(WHAT IS NEEDED)
Your answer should repeat exactly the lines from the one holding "on background. 91442839" through the end of the data, and it should contain no pictures.
[[ RECORDS TO PROCESS open ]]
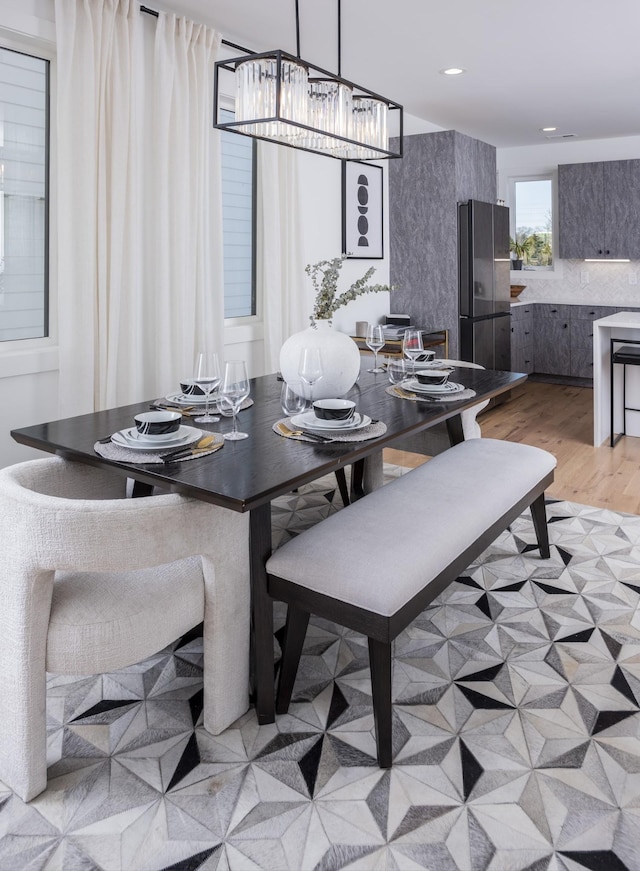 dining space featuring recessed lighting and light wood-style flooring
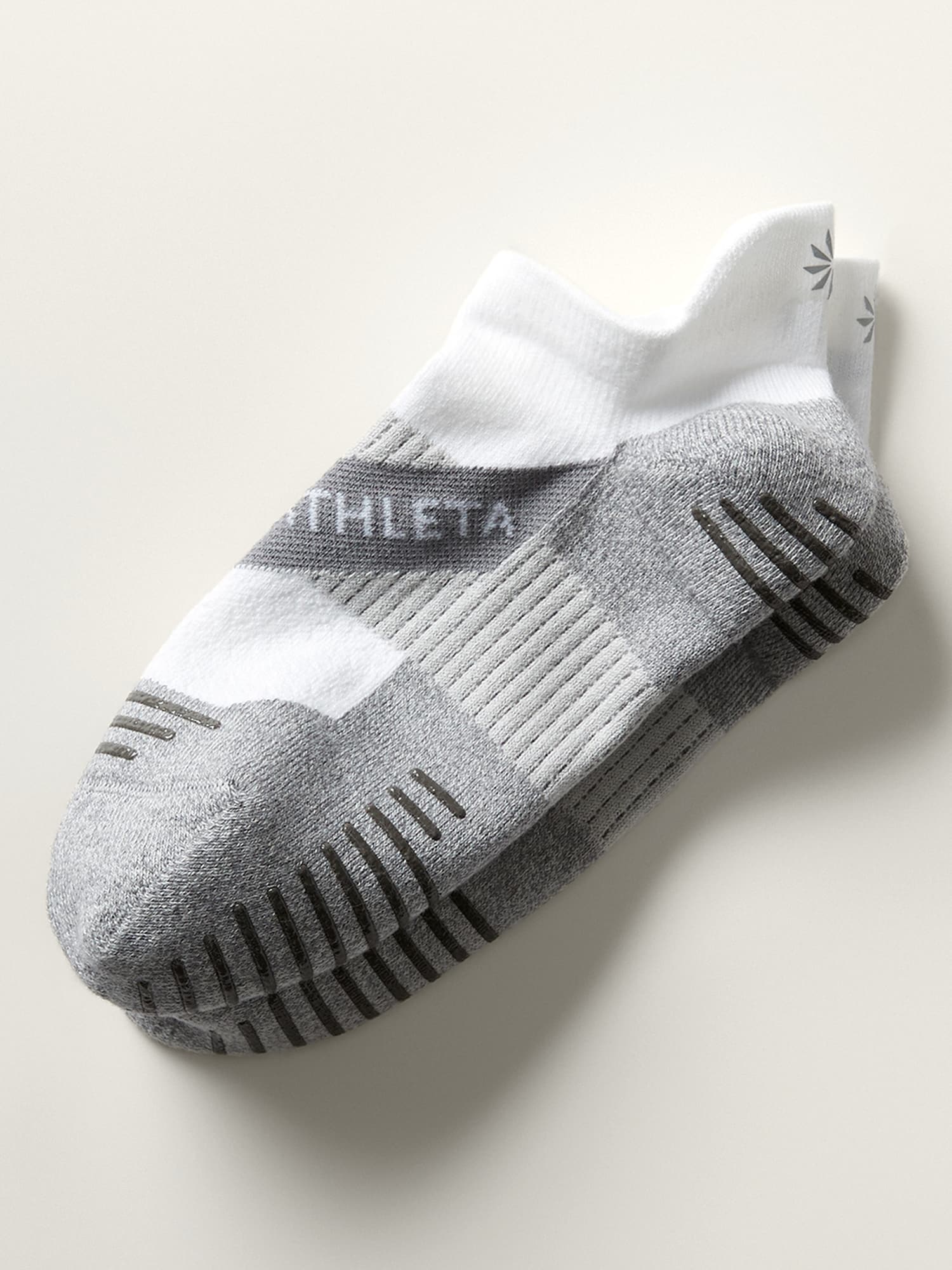 Grip socks for pilates can cost double or triple what regular socks co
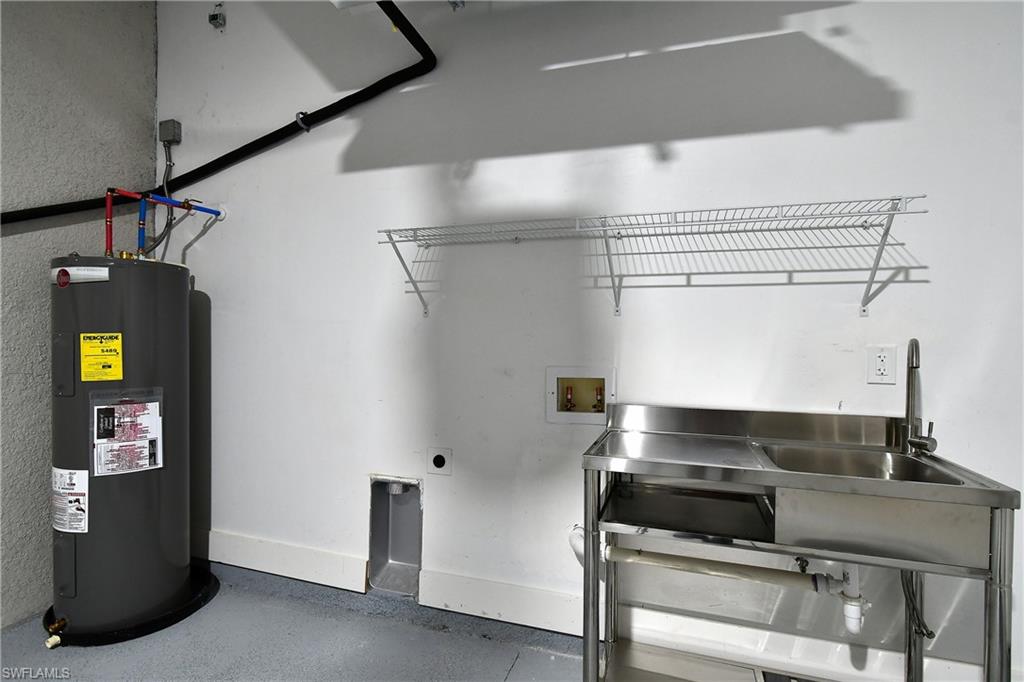 Laundry room featuring hookup for a washing machine, water heater, and electric dryer hookup
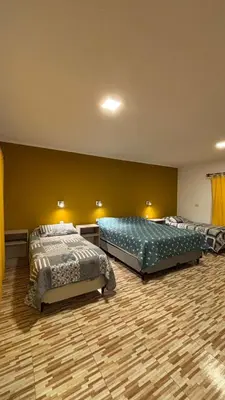 two beds in a large room with yellow walls at Cabaña Concepcion del Valle in Salsacate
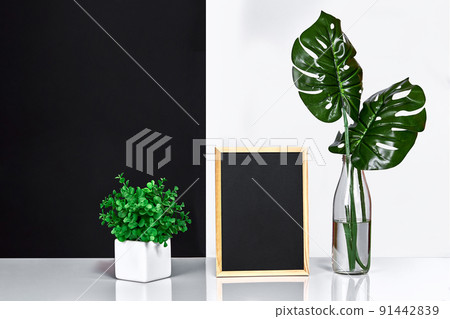 The stylish interior with mock up poster frame, leaves in glass bottle on table with black and white wall on background. The stylish interior with mock up poster frame, leaves in glass bottle on table with black and white wall on background. 91442839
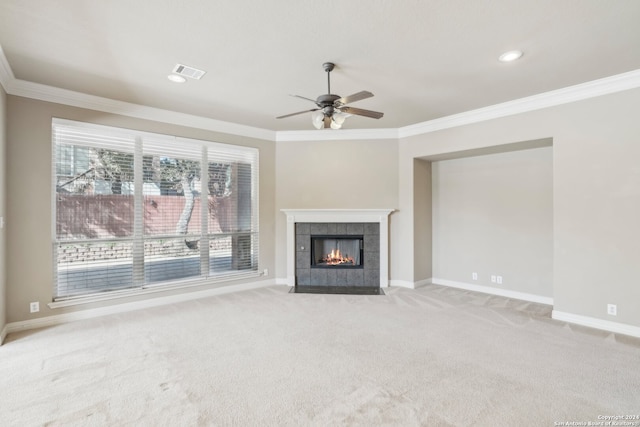 unfurnished living room featuring a tile fireplace, crown molding, ceiling fan, and light colored carpet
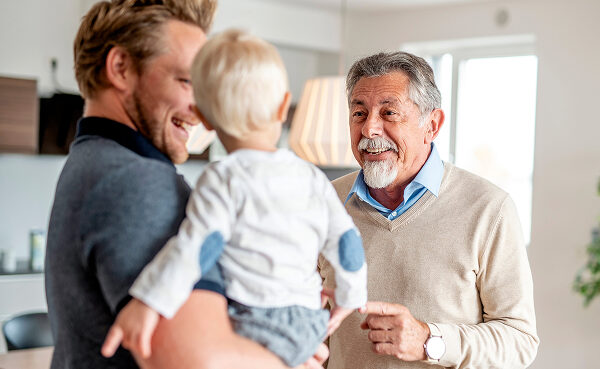 Man with his young son and his father, hearing clearly and enjoying a moment of connection.
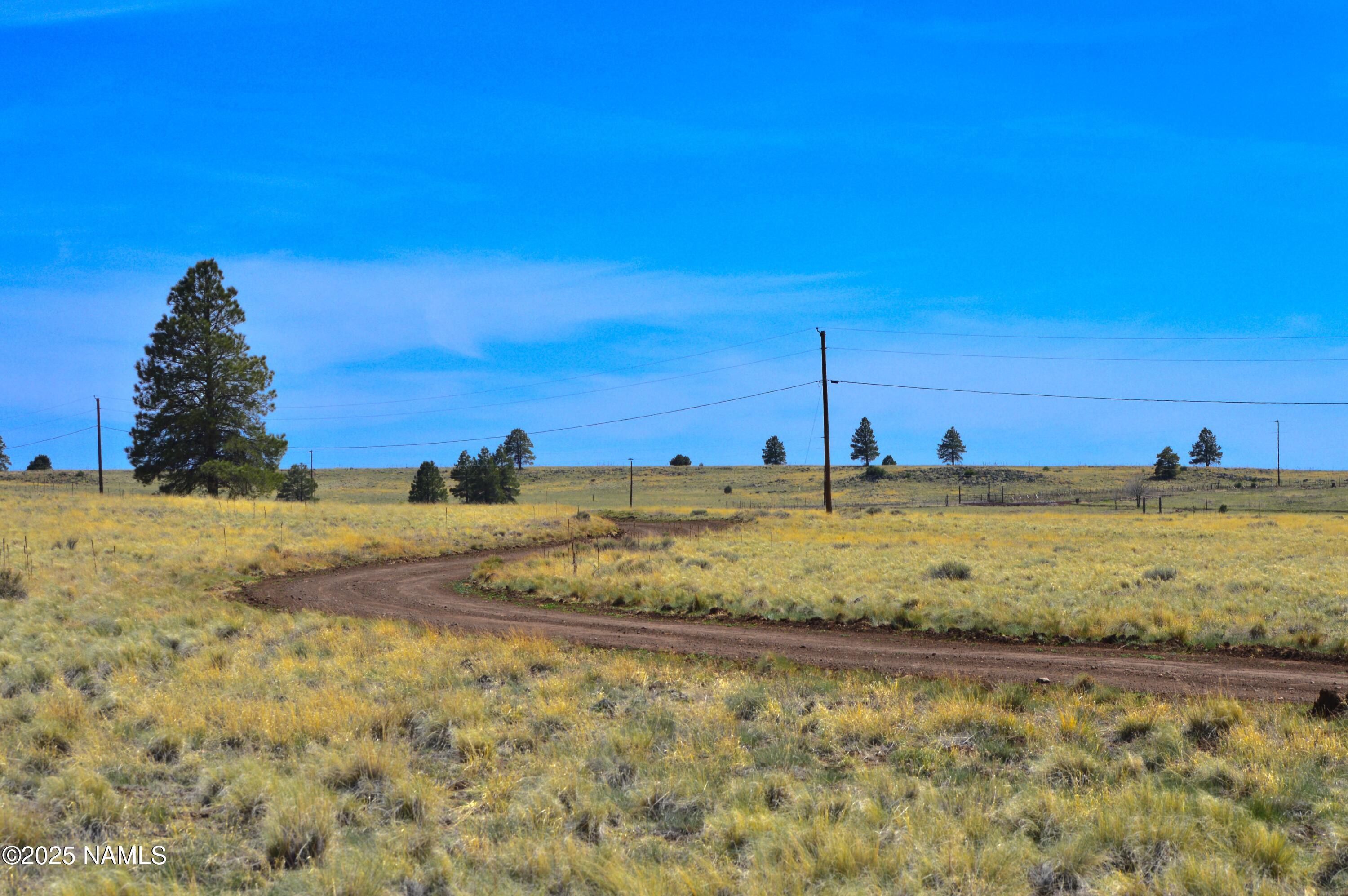a view of a large body of water with a building in the background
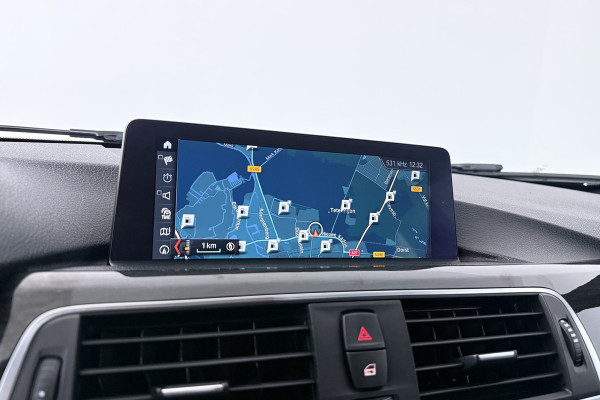 BMW 3 Serie Touring 318i High Executive (NAVIGATIE, TREKHAAK, STOELVERWARMING, DEALER ONDERHOUDEN, LEDER, LED)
[[ RECORDS TO PROCESS closed ]]
(SOLUTION TO THE EXERCISE)
 The stylish interior with mock up poster frame, leaves in glass bottle on table with black and white wall on background. The stylish interior with mock up poster frame, leaves in glass bottle on table with black and white wall on background. 91442839
 unfurnished living room featuring a tile fireplace, crown molding, ceiling fan, and light colored carpet
 Man with his young son and his father, hearing clearly and enjoying a moment of connection.
a view of a large body of water with a building in the background
 BMW 3 Serie Touring 318i High Executive (NAVIGATIE, TREKHAAK, STOELVERWARMING, DEALER ONDERHOUDEN, LEDER, LED)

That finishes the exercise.